You (might) have to support your app

If you’re publishing your app for the world to use, then people may come and use it.

Those people might find things wrong with it. They might want it to do more things.

If they pay for it then they might want refunds or have questions.

People might get locked out of accounts and need data manually changing.

You app might go down, which could cause users to be unhappy. Or it could go viral and usage could explode, which could also have consequences – including taking it offline for the one person that really wants it: you!

Are you ready for all that? Do you have a plan for that?

You may have responsibilities that you don’t know about

I am seeing many vibe-coded apps be published that have forms and store user-generated content.

I have written before about why I don’t want to build a social network and why “One does not simply build a form“.

Do people realise that if you publish a form on the internet that collects user-generated content and re-publishes it for others to see that you are subject to a crap-ton of regulation that varies from place to place and has legal ramifications?

  • You need privacy policies, terms of use, and content licences and consents – and you need to not just write this stuff down, you actually have responsibilities to carry out!
  • You probably need cookie consents
  • You probably need spam prevention
  • If you have logins or any personal data then you need appropriate security around that
  • You may need content moderation
  • You may need to implement a system for subject access requests (“Show me all the data you keep about me”)
  • You need to be really careful about the potential to handle “sensitive” personal data like health data or religious/political affiliations as these come with even more responsibilities.

If you turn your AI tool into a paid service:

  • You will have responsibilities under payment processing rules (PCI compliance)
  • You may have responsibilities under various age-appropriate design codes and rules for handling children’s data

Am I doom-speaking?

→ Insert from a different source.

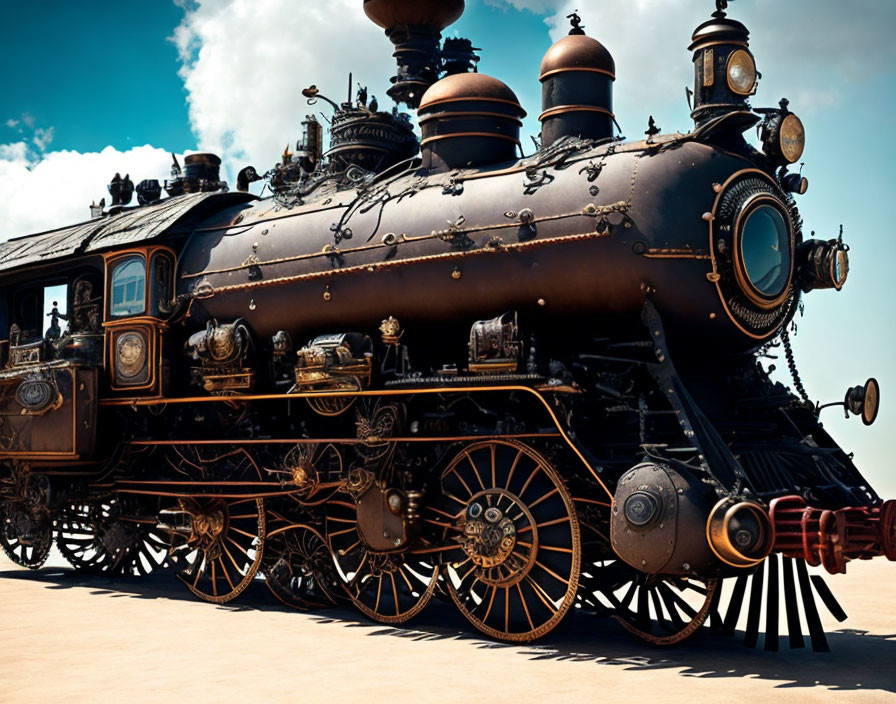 Vintage steam locomotive with ornate designs and brass accents on tracks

Am I making this all overblown? Does you little mixtape app that shows lists of songs need all of this? Is this all theoretical and probably doesn’t actually apply to you?

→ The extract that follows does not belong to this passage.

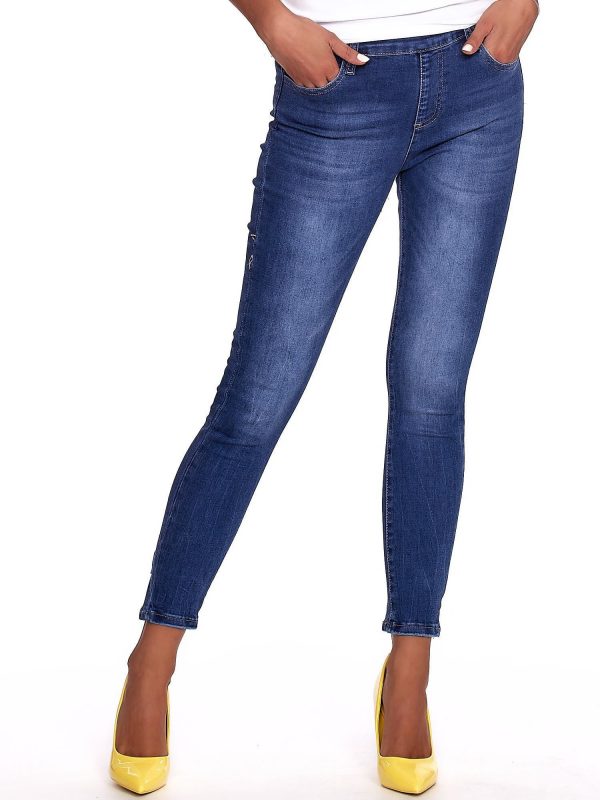 Wholesale Blue women's slim fit jeans with zipper back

Well… maybe. But did the LLM ask you? Base44 didn’t! An LLM has never suggested I need these things as I’ve used it to write code.

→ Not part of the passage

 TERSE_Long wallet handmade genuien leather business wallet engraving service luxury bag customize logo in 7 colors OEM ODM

If I asked it, could it help me? Probably, do I know to ask it? This legal and compliance stuff. You need to get it right, and LLMs haven’t shown that they can do that consistently, and they certainly don’t offer advice on topics that you’re not asking about.

Would a developer or agency ask you about those things? Well… they should. They should be paying attention to these things and advising you accordingly. That’s their job. That’s the expertise that you pay for. But ultimately you are responsible for an app that you publish.

Conclusions

Sure, it’s incredibly fun and empowering and exciting to be able to make manifest your every idea, and to contemplate the business, reputational, and entrepreneurial possibilities. I like making fun little apps and sharing them with the world. I really do! (And I’ve found a way to do that that avoids most of the responsibility!)

But are you ready to host, update, support, and take on all the appropriate responsibilities for your weekend-vibe-coded app on an ongoing basis for years, or until you give up on it?

On the one hand, I don’t want to be a doom-speaking naysayer. I just built an app with this LLM tech. It was pretty cool and exciting. I can see the possibilities.

But the internet is not kind. It is a nasty place. Scammers, spammers, bots, people just “having fun”, and time’s endless descent into decay and entropy and chaos, can easily cause you a whole world of pain. I know because I’ve been there.

People will make good things that last. But this feels like a fad. Like “slop” text, images and videos, the ability to create small, personal apps and websites with LLMs is fascinating.

But I don’t believe it’s ultimately good for the creators or for the users.

I leave you with the classic Spiderman line: “With great power comes great responsibility.” Are you ready for the responsibility?